Oh, das sollte man im Panikfalle aber wissen. Ansonsten hätte sich der Thyssen-Notrufdienst gemeldet. „Hier ist ewig nichts mehr vorgekommen”, so das Hausmeisterteam. Einmal wären fünf, sechs südländische, gewichtige Frauen mit Kopftüchern im Fahrstuhl gehüpft, der darauf stecken blieb. Die brauchten keinen Notruf, die hätten so laut gebrüllt, dass sie im Nu frei kamen.
Piepser in der Hosentasche
Letzte Station: der Wohnblock „Weißer Riese” neben der VHS. Sieben Aufzüge, 197 Wohneinheiten, zwei Hausmeister, wovon einer immer 24-Stunden-Dienst schiebt und einen Piepser bei sich trägt. Wir machen die Probe: Klingen am Alarmknopf und sogleich piepst es in der Hosentasche von Marc Rosowski, der auch den Fahrstuhl angezeigt bekommt. Wie oft wird er ausgelöst? „Och, eigentlich täglich”, so der Hausmeister. Wie bitte?

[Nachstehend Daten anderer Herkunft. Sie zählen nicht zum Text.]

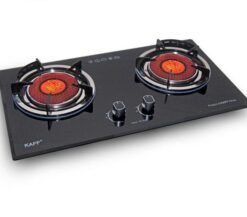 413fb4ee7722d1125dee764600f7b636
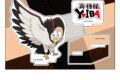 YAIBA (ヤイバ)  ぺたん娘アクリルフィギュア 庄之介
 
2025年07月下旬発売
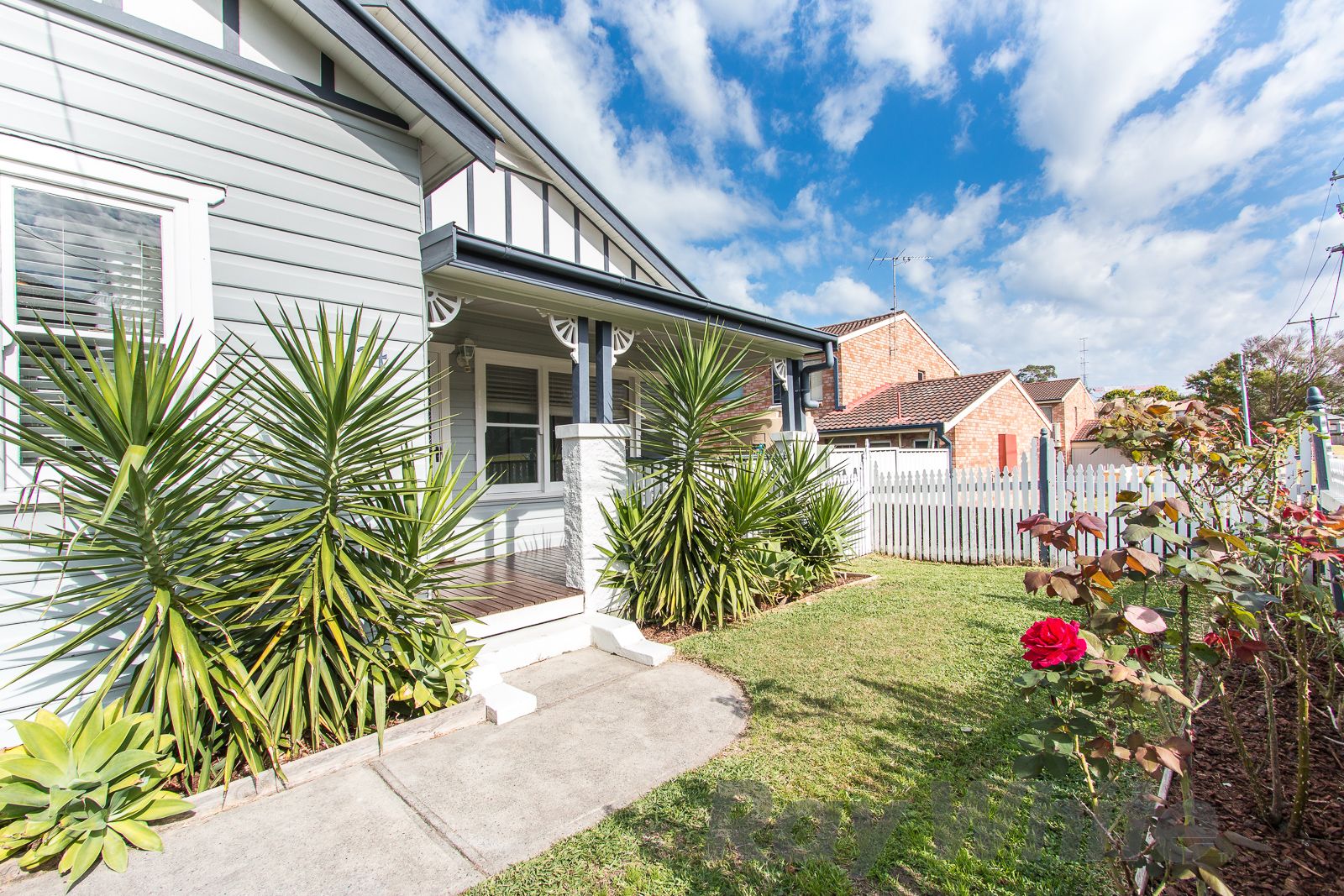 24 George Street, Belmont NSW 2280, Image 2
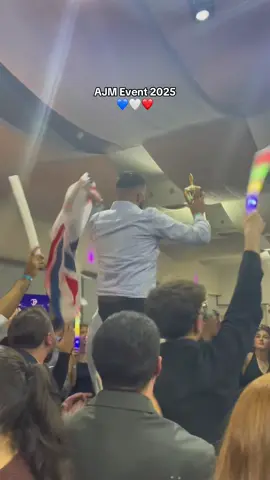 @ajm_ev ❤️ #assyrian #ajmevent #foryou #fördig #fürdich 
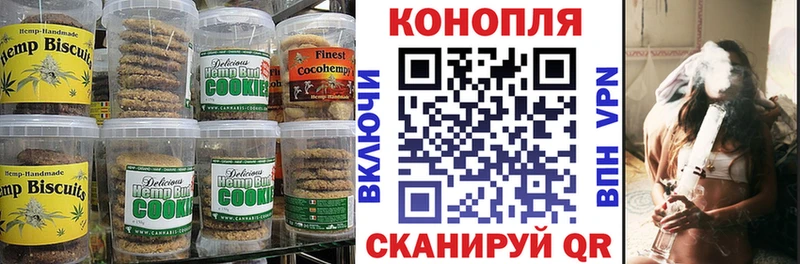 Cannafood конопля  Купить закладки  Елизово 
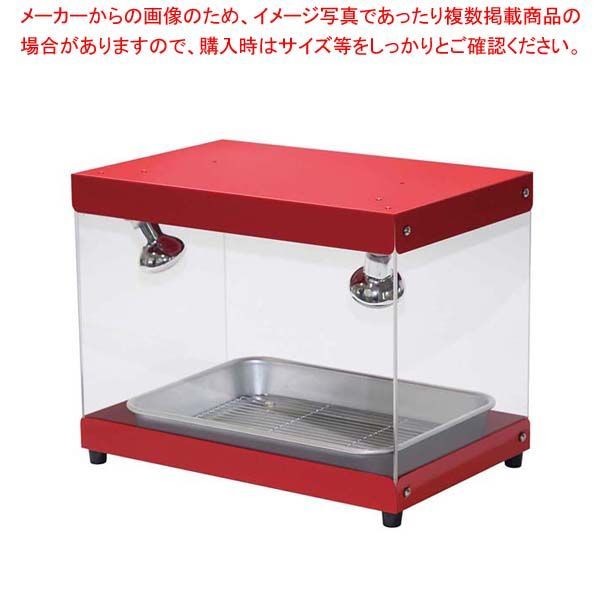 タイジ フードショーケース FS 100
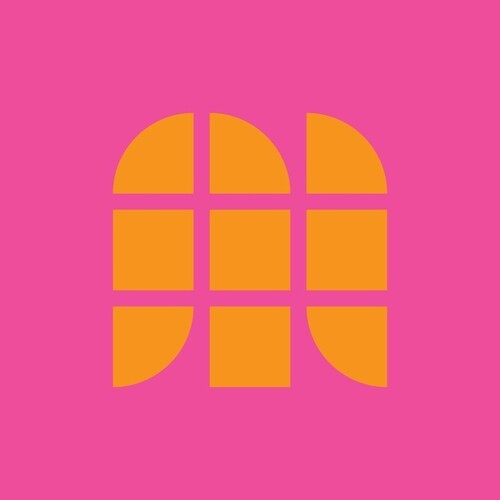 Modfunk: A Journey Through Sound \ LP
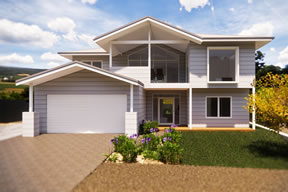All Aspect Design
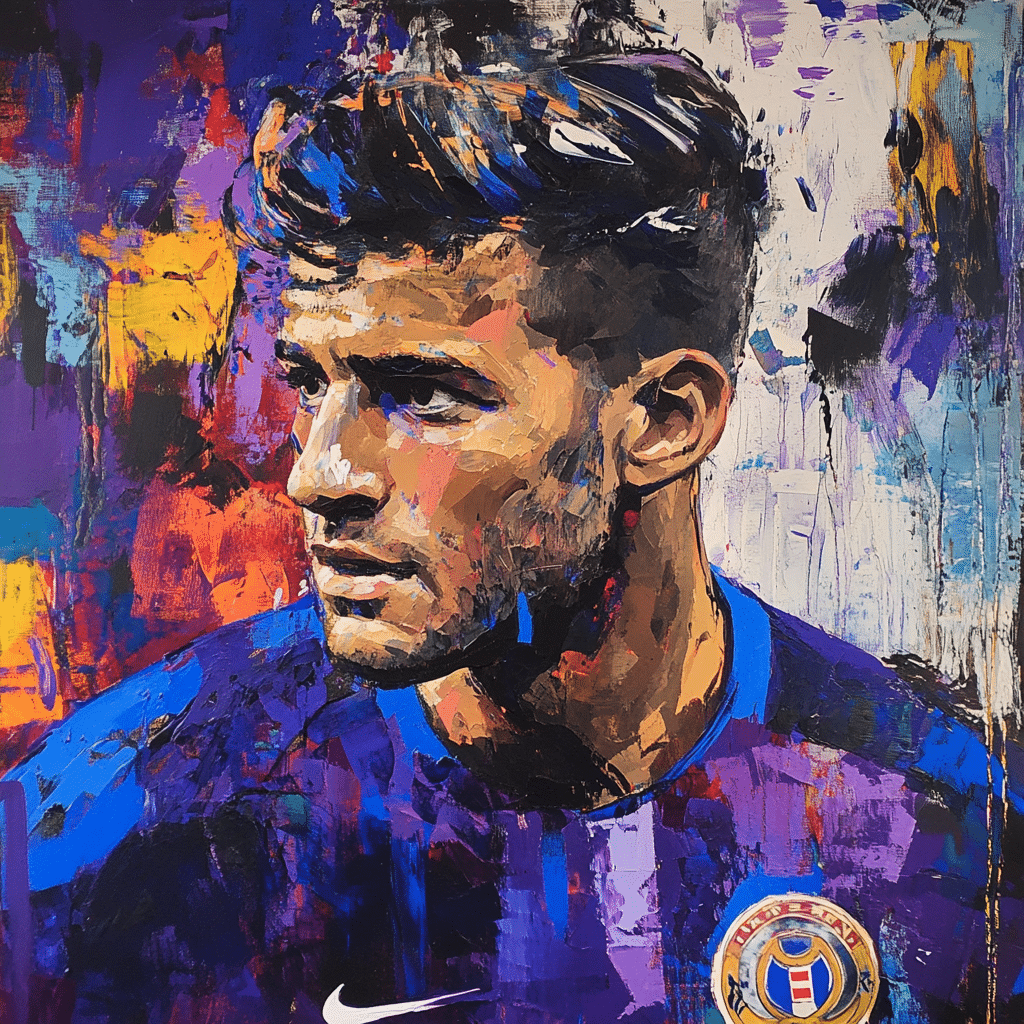 Orlando City Cruz Azul Thrilling Match Highlights You Must See 3 Image 56153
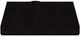 Vent-A-Hood® 42" Black Carbide Wall Mounted Range Hood-0
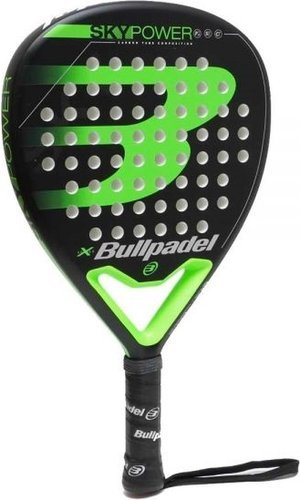 BULLPADEL-Sky Power-1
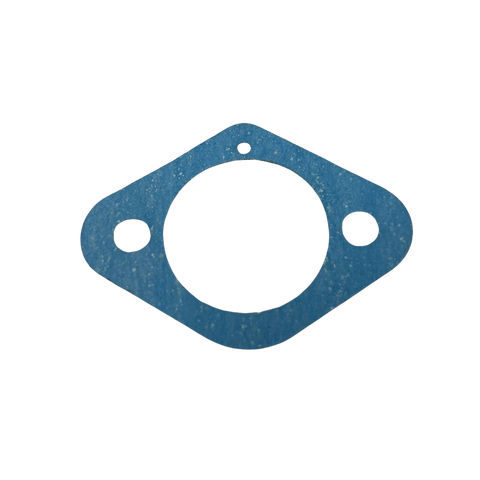 TAYLOR WJ Carb / Velocity Stack Gasket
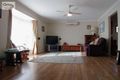 Property photo of 49 Babbacombe Drive Moana SA 5169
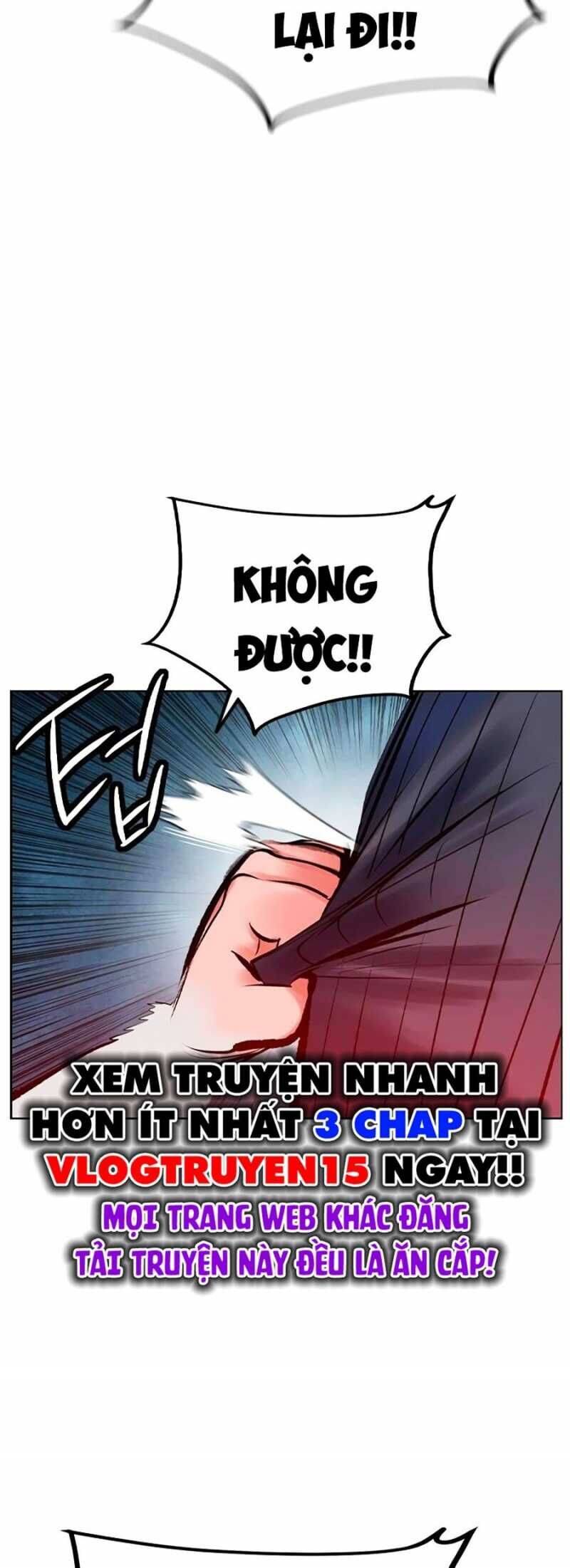 Nhân Trùng Đại Chiến Chapter 129 - 67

Erklärung: Die Leute drücken nicht nur bei Alarm auf den Notknopf, sondern auch „bei allgemeinen Fragen”, auch, wenn ein Rohr in der Wohnung verstopft ist. Hausmeister kommt.
Fazit: Die Mitnahme eines Handys im Fahrstuhl kann nicht schaden. Wenn man denn Empfang hat.